[Extracted records]
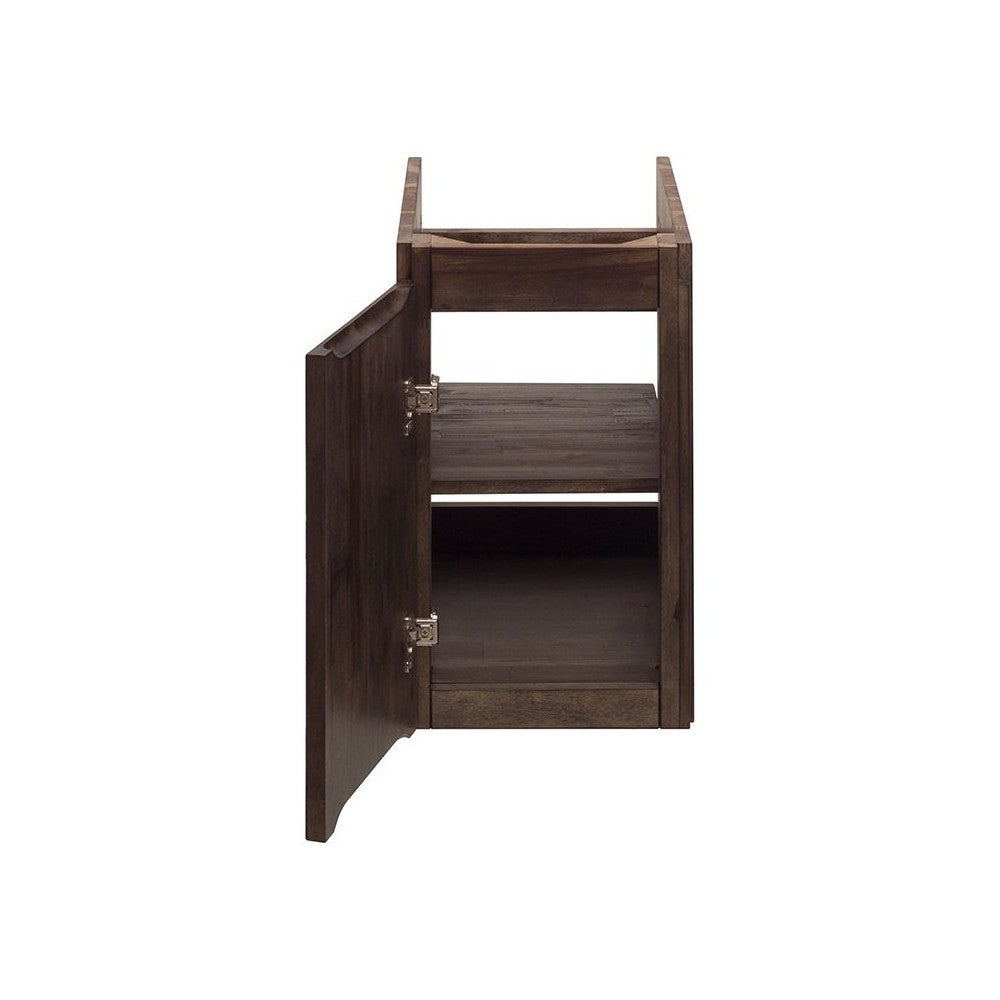 Formosa 70" Wall Hung Double Sink Modern Bathroom Cabinet, FCB31-301230ACA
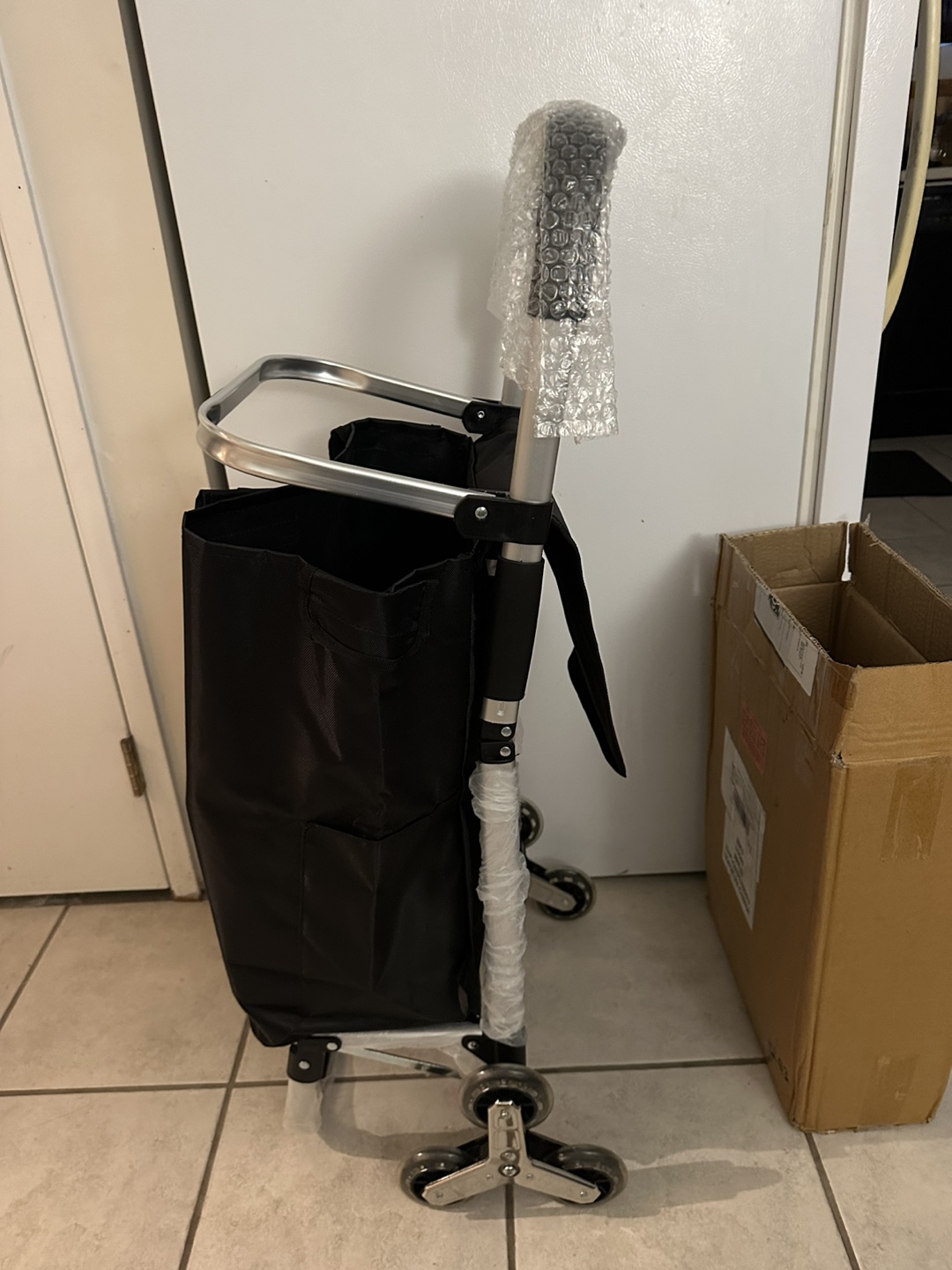 Folding Shopping Cart - photo 4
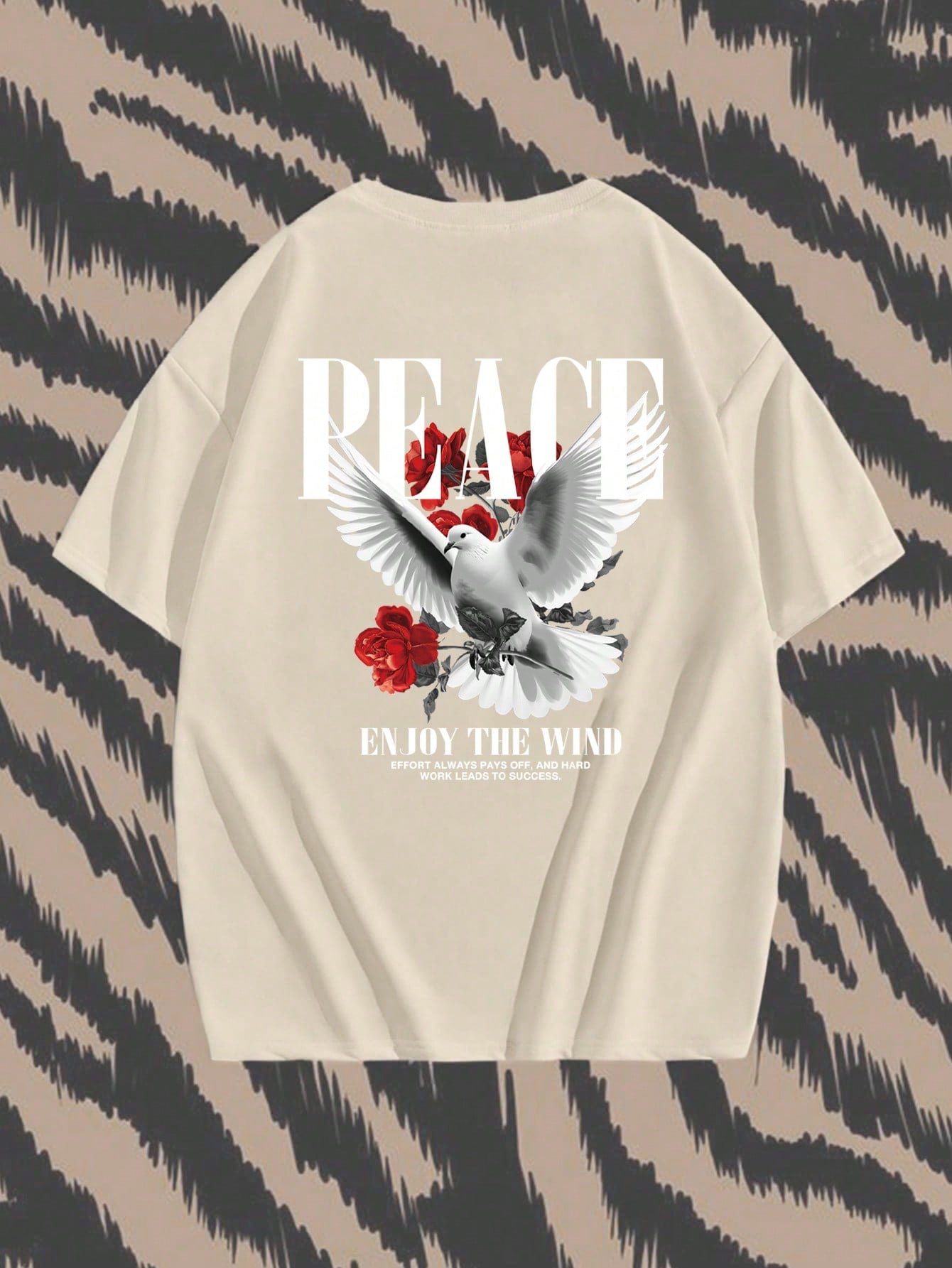 T-shirt à manches courtes pour homme, tailles S-M-L-XL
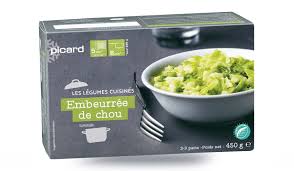 Embeurree De Chou Surgeles Picard Choux Alimentation Recette Originale
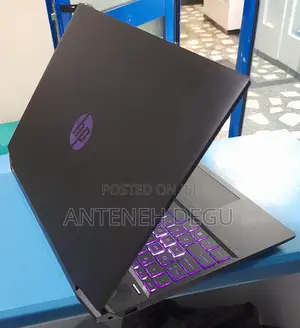 New Laptop HP Pavilion Power 15 8GB AMD Ryzen 5 SSD 512GB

YOUR OBJECTIVE: The line containing "Embeurree De Chou" and every line after it, up to the last line of the data, should be returned exactly, without the pictures.

RESPONSE:
 Embeurree De Chou Surgeles Picard Choux Alimentation Recette Originale
 New Laptop HP Pavilion Power 15 8GB AMD Ryzen 5 SSD 512GB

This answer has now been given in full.